Rich men play, the rest of us just watch
PUBLISHED: 07:05 26 April 2003 | UPDATED: 13:46 03 March 2010
DON'T let anyone tell you football's only a game. It may not be a matter of life and death, whatever Bill Shankly said and whatever Glenn Roeder is suffering right now. But it is too crucial to our culture to let a few rich men keep it as their plaything.
DON'T let anyone tell you football's only a game.
It may not be a matter of life and death, whatever Bill Shankly said and whatever Glenn Roeder is suffering right now. But it's a crucial part of our times and culture.
Actually, at the professional level it's barely a game at all.
It's an entertainment on a vast scale. It's part of our identity, a key element in the way we define ourselves. It's a tribal ritual.
It is also big business. And that is where the trouble lies.
There is too much money at the top end of the game. And too little at the lower level.
It is in the middle levels, where greed and reality struggle to co-exist, that the problem goes deepest.
You can point to many reasons why Ipswich Town are in trouble so short a time after flying so high.
They over-reached themselves. They thought one fabulous season guaranteed success on a long-term basis. They shelled out on some over-priced, over-paid stars.
But the root cause of their demise is not unique to Ipswich. This is a crisis point not just for the Blues, but for the whole of football.
Relegation from the Premiership was a disaster for all three of the clubs that went down a year ago. It could be at least as bad for those that make the drop this time.
Promotion into the big league may not be such a wonderful thing for Portsmouth, either.
If they don't spend big this summer, they will be straight back down. No one who saw their pathetic performance at Portman Road a week ago could be in any doubt about that.
On the other hand, if they do spend big, it could be their undoing, just as it was the undoing of Ipswich.
If by some miracle Town manage to join Pompey in promotion, it will not be the panacea to cure all their ills, either.

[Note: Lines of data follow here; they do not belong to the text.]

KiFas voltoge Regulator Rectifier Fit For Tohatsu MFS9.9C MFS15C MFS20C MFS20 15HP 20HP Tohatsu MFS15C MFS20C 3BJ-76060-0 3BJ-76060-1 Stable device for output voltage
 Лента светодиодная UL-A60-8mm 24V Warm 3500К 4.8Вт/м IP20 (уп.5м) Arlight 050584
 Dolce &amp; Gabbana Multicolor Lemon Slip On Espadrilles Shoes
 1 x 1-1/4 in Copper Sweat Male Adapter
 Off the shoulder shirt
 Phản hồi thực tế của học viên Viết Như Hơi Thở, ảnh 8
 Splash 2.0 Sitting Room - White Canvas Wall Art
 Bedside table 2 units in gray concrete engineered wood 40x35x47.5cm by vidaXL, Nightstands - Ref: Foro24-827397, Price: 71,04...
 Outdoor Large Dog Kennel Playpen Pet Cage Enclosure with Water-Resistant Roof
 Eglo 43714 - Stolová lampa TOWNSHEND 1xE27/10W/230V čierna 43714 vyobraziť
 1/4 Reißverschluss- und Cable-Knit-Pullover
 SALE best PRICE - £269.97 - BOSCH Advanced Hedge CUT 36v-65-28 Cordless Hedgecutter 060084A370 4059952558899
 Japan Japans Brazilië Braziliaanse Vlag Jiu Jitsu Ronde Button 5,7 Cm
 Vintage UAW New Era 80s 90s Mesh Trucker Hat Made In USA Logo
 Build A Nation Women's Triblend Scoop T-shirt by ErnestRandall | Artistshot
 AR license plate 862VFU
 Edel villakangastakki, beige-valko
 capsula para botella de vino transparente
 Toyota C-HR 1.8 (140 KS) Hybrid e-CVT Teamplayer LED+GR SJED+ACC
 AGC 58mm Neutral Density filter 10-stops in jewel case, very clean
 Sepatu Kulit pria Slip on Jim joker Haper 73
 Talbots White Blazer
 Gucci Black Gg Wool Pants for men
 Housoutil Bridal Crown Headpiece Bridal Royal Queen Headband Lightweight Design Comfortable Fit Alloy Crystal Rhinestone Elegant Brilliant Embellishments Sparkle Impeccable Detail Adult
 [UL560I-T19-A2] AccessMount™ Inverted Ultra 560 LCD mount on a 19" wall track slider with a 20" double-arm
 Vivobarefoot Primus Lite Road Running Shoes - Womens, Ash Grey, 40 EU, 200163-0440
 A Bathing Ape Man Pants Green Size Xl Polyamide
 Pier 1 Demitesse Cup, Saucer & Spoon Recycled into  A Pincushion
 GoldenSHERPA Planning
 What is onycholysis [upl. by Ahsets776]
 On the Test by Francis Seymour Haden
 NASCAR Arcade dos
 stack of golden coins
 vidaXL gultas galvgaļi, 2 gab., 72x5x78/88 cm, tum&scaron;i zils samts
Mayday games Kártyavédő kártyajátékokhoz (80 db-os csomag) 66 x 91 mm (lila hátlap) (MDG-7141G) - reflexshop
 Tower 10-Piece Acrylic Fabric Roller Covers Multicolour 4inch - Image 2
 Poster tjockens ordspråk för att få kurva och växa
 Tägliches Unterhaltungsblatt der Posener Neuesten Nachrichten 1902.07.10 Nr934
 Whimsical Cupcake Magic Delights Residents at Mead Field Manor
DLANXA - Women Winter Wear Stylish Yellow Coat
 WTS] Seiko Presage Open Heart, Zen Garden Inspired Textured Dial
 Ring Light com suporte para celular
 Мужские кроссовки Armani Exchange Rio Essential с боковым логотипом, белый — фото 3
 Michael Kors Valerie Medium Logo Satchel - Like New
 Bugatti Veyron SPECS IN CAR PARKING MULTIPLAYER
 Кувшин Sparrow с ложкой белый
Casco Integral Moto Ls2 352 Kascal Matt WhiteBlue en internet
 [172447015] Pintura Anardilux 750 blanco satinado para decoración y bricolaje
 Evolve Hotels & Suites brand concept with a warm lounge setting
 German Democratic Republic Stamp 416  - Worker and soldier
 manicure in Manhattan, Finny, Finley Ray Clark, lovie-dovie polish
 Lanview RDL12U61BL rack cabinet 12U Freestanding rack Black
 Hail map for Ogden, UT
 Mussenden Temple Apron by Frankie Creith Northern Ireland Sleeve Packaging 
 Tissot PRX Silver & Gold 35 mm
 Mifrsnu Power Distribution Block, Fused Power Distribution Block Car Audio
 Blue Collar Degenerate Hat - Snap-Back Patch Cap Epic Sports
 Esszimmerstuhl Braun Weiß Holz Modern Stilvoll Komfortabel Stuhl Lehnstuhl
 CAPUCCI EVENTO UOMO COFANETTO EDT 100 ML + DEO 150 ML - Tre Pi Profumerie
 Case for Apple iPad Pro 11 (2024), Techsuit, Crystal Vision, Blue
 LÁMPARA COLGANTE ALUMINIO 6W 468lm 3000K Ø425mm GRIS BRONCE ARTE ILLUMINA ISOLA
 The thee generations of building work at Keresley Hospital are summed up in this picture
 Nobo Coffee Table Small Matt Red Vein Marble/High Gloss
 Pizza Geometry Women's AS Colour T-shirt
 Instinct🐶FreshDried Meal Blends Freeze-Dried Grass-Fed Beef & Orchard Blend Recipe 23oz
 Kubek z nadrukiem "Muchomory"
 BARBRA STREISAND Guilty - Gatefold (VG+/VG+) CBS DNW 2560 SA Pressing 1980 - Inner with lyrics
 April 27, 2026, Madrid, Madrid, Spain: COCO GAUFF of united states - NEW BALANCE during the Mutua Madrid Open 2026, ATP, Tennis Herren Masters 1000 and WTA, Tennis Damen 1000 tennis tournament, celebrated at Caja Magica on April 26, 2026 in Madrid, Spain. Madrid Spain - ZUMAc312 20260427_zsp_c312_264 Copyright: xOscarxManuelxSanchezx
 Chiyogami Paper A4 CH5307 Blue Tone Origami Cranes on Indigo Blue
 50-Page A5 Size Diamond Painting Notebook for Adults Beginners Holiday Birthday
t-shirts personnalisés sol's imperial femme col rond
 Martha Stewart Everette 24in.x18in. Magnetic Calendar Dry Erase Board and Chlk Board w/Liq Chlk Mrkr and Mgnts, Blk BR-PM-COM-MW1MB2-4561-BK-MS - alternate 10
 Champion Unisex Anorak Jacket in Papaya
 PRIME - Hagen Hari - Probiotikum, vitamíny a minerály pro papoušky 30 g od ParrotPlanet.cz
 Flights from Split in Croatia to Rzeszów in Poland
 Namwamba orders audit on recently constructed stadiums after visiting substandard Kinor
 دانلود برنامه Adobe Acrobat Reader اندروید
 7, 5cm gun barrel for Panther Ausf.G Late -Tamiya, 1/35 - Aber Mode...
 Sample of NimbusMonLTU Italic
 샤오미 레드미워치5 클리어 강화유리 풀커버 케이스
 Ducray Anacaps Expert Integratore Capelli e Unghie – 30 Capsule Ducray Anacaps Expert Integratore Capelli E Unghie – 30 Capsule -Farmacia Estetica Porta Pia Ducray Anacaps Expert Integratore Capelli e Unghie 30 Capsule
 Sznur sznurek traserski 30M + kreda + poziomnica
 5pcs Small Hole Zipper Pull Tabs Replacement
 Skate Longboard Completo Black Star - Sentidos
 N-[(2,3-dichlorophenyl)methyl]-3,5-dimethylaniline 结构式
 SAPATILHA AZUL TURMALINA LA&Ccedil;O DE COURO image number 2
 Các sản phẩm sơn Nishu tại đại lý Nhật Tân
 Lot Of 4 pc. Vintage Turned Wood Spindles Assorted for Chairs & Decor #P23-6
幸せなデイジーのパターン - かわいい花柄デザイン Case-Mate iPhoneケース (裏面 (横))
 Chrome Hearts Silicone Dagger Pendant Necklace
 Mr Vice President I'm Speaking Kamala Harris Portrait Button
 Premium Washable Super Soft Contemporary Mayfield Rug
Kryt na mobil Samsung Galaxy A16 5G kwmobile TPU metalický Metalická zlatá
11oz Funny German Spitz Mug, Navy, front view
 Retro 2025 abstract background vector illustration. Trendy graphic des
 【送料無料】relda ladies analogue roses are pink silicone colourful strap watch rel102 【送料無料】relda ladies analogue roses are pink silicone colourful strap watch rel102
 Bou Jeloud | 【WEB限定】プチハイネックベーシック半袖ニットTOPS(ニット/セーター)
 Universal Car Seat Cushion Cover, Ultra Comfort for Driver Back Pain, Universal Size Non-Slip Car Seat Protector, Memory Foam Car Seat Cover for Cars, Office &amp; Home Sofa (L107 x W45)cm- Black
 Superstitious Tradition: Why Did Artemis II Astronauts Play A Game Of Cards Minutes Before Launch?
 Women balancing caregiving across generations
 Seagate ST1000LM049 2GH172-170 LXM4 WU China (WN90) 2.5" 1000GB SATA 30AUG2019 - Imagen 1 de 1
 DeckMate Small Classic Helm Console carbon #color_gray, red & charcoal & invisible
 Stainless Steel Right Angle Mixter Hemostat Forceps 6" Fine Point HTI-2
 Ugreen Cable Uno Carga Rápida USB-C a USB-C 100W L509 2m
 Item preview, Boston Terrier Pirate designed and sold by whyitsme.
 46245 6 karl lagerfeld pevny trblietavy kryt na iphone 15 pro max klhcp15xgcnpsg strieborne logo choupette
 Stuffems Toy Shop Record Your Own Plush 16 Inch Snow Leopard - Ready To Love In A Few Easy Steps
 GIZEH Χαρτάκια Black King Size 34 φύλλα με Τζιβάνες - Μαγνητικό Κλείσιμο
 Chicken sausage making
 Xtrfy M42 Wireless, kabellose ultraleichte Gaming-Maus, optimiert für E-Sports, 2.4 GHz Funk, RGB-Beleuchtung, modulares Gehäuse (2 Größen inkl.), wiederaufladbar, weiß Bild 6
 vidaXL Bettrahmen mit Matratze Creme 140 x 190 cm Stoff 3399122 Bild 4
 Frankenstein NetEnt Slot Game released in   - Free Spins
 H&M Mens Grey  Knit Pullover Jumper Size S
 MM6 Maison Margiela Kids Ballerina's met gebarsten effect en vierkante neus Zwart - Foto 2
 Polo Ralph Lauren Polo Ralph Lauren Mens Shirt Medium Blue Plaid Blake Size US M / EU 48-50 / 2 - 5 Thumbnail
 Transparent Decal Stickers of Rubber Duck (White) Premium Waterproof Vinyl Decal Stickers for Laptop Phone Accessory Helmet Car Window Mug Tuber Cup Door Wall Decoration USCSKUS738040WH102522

There will still be an awful lot of work to do on both the playing and financial sides to keep them from falling straight back once more.
And whatever division they are in next season, there will be a lot of work to do to repair the damage done by administration.
The whole sorry scenario has driven an unpleasant wedge between the club and the people.
Happily, I am not one of the club's creditors. If I was, I would be very unhappy at the prospect of receiving a paltry five per cent of what I was owed.
For many small local traders and craftspeople, that offer is worse than getting nothing. It is a casual and cruel slap in the face.
It could spell a personal disaster far worse than anything the club or its directors are experiencing.
And it must take away some of the delight in watching the club's preposterously well-paid stars perform on the pitch.
The whole unsavoury fiasco goes to demonstrate one essential point about the beautiful game.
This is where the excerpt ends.